Arising from the second perspective or the willingness to live under one roof and under one rule, which is a chip off the availability of Idea or Ideas as contained in the first perspective, the events amongst the nationalities, in the last twenty three years of representative rule and, in the debasement that characterised the last seven years of APC rule, are indicative of the contrary. Nationalities would want to check out of Nigeria the Andrew’s way. It is ironical to think it is Muhammadu Buhari GCFR, the man presently presiding over the demolished of what is left of the state in Nigeria, as Major General Muhammadu Buhari, that patriotically admonished the likes of Andrews wanting to check out, to stay back in the country so we can salvage it together!
What is left of the third perspective and arguably the most popular perspective of the state – the coercive arms – particularly the military, intelligence and law enforcement are in the conditions of the orchestrated failures making them pitiable and shamelessly shameful in their schedule of defending and ensuring safety of most Nigerians, their properties and in gathering intelligence to facilitate this smooth operations and in the making of policies and programmes. These functions which are performed by most of the hard working men and women of the military, intelligence and law enforcement at huge cost for selves and families have been completely privatised to serve the interests of their elite managers and their political colleagues.
The pains and deaths of most Nigerians occasioned by this orchestrated crises and conflicts are now the pots of wealth from which the elites of the military, intelligence and law enforcement benefit in the name of their preferred nomenclature and work called “security”. “Security” is a major growth industries profiting from the pains and deaths of most Nigerians. The state, from this perspective, seldom enforces rules, protect persons and ensure that the conditions that enable normal life and living exist. Indeed most Nigerians, in the last seven years, have dispensed with this function of the state.

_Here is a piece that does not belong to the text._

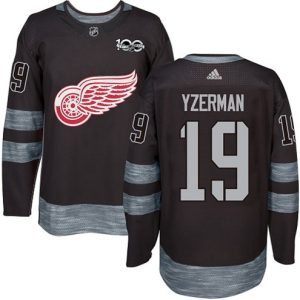 Maend-NHL-Detroit-Red-Wings-Troeje-Steve-Yzerman-19-Authentic-Sort-1917-2017-100th-Anniversary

They have been advised by those in the know and by their own experience to look elsewhere for salvation.
The functions of the state’s coercive and non coercive arms are being outsourced to non-state and non-state armed groups. The Nigerian National Petroleum Company awarded pipeline protection contract worth over N40 billion to Government Tompolo even as the Niger Delta is swimming in the pool of the military, intelligence and law enforcement as Nigeria’s number one cash cow. There are swathes of Nigeria’s territories under the control of non-state armed groups performing the traditional function of the state including levying and collecting taxes and offering forms of protection for economic activities to go on.
In the last ten months and aside from the numerous thefts that characterised the oil industry, Nigeria is losing over seven hundred thousand barrels of crude oil worth billions of naira daily in the face of the military, intelligence and law enforcement. Thus Nigeria has been unable to fulfil its daily obligation to the Organisation of Petroleum Exporting Countries (OPEC) of contributing one million eight hundred thousand barrels of crude oil into the market. There are daily reports of cases of missing millions and billions of naira in the hands of officials in ministries, departments and agencies of government often attributed to monkeys, snakes and termites. This is even as the agencies of government charged with containing these thefts look on.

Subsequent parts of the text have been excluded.